Шрифт:
Интервал:
Закладка:
Весной она увидела, что старый школьный парк совсем одичал и заглох, яблони цвели по-нищенски, скудно, а от ее любимой клумбы, когда-то пестревший цветами с весны до поздней осени, почти ничего не осталось. Лишь нарциссы разрослись, дав множество луковичных деток, хотя и измельчали. Она заставила себя возиться с землей, что-то подсаживала, но не спасла юную рассаду от поздних заморозков и оставила цветоводческие поползновения.
Год прошел, пролетел быстро и в сердечной немоте. Будто в старом кино в минуту за окном отсверкали летние грозы, облетела бурая осенняя листва, потускнела в зимних сумерках рябиновая горькая услада, обильно нападал снег, лег белыми горами и будто бы навсегда. И вдруг начал, вздыхая, словно испуская дух, тихо оседать под мартовским солнцем.

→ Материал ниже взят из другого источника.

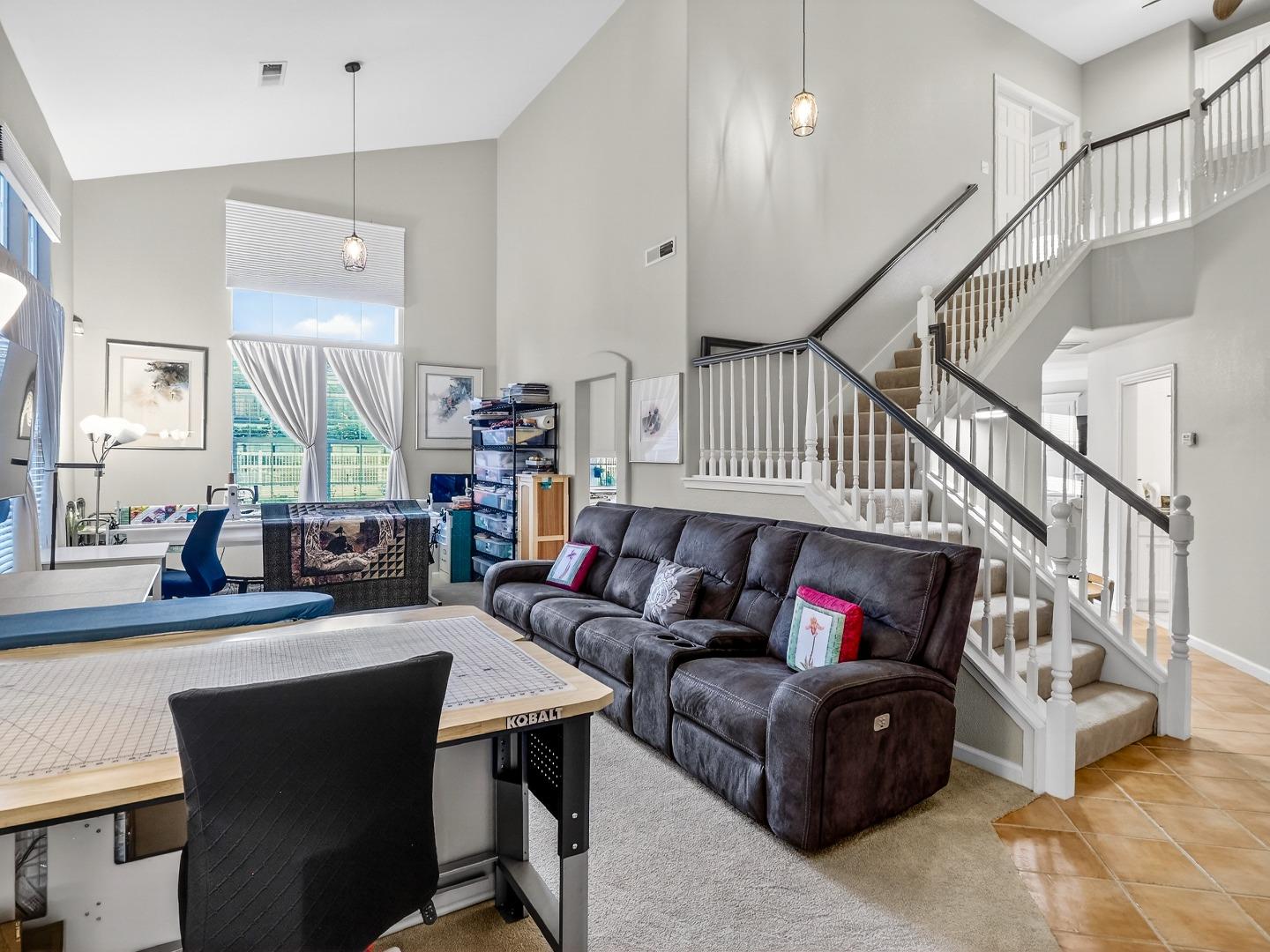 9123 Rancho Hills Drive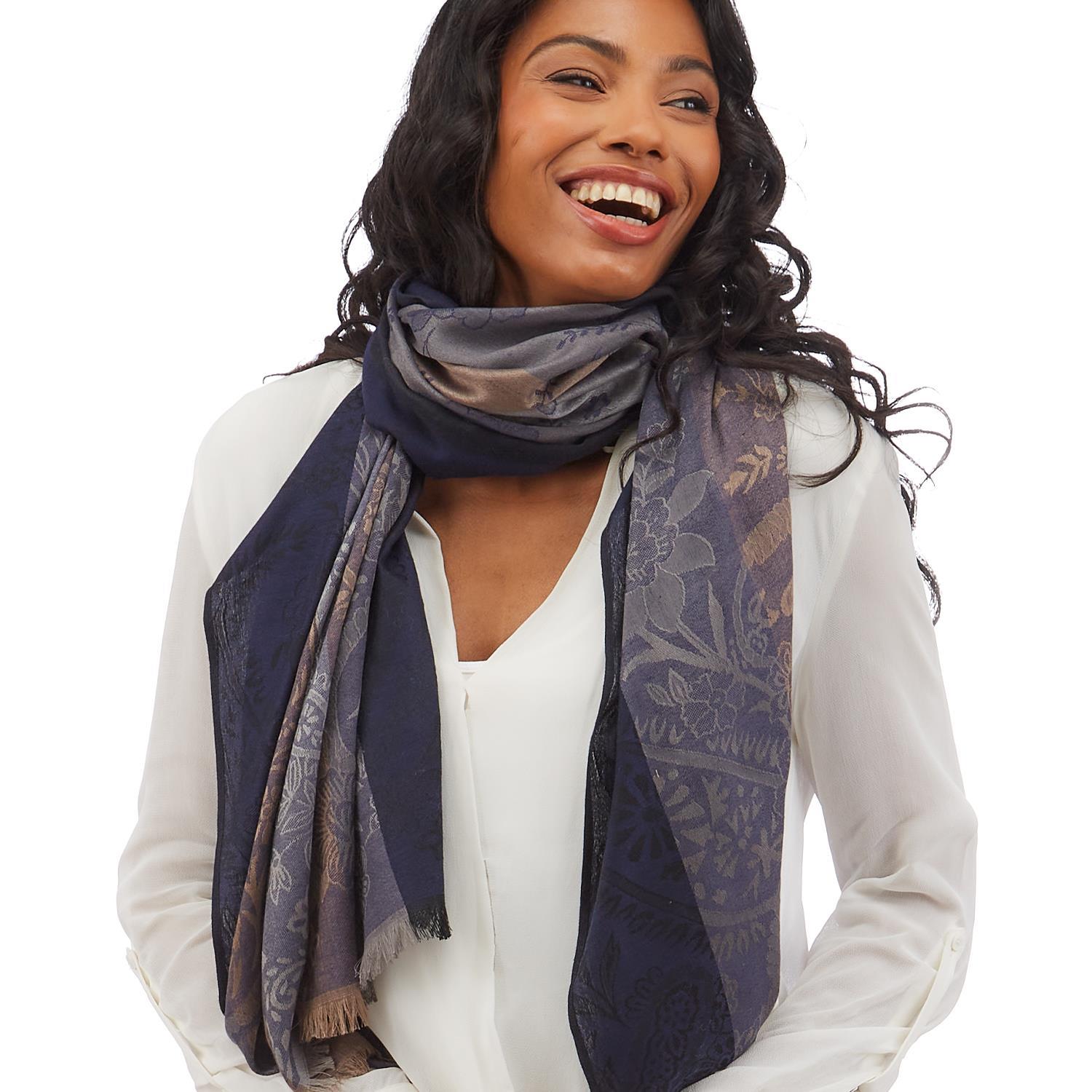 Jacquard Woven Scarf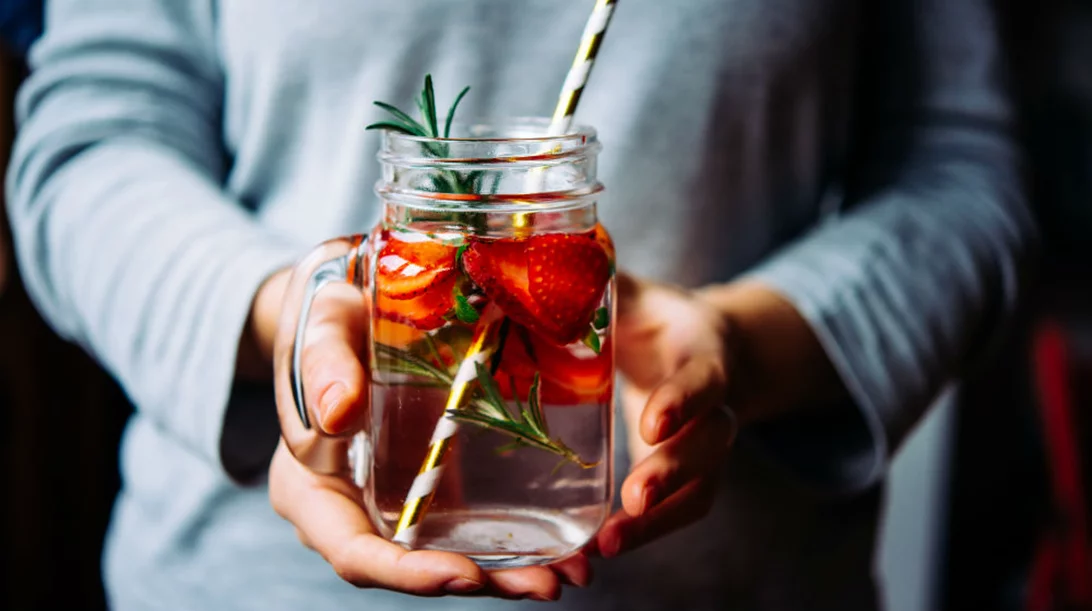 Τα καλύτερα homemade cocktail για ένα πριβέ πάρτι καραντίνας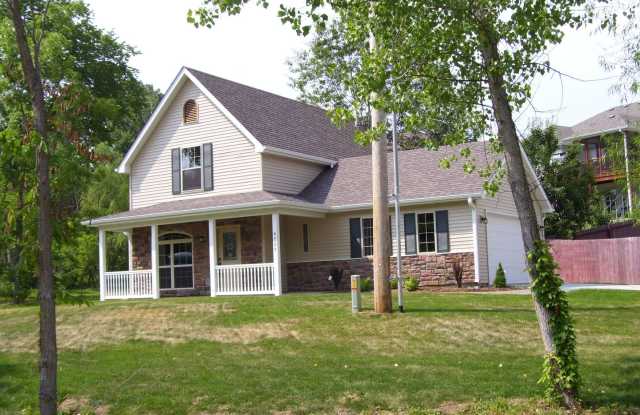 Photo of 3 Bedroom 2.5 Bathroom Home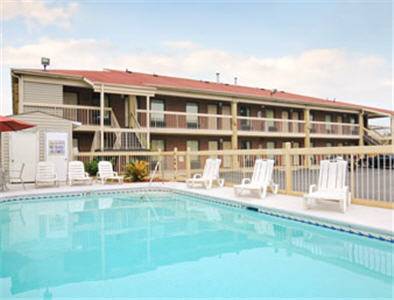 Imagen de la piscina del Hotel Howard Johnson By Wyndham Aiken. Foto 8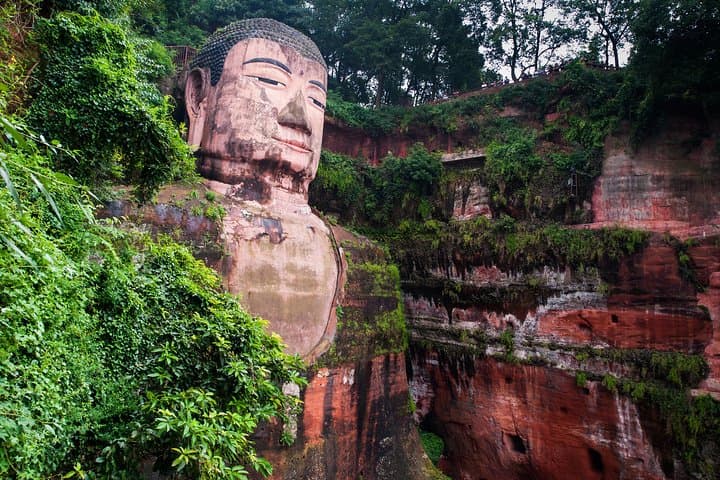 Leshan Giant Buddha & Tea Terrace Day Tour from Chengdu — Boat Views, Old Town Walk & Tea Picking photo 1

Ранним-ранним мартовским утром, еще затемно, Ирина Владимировна, всю ночь промаявшись тоскливой бессонницей, вышла из дому – от теплой душной печки на воздух – и побрела по распутице, вязнувшей к ногам, будто заклятой никуда ее не пускать.
Днем спохватились – где же она? Нашумели по деревне. А через несколько часов ее вытянули баграми из примеченной кем-то свежей полыньи под мостиком, из-под ломкого, готового тронуться льда речки Генераловки.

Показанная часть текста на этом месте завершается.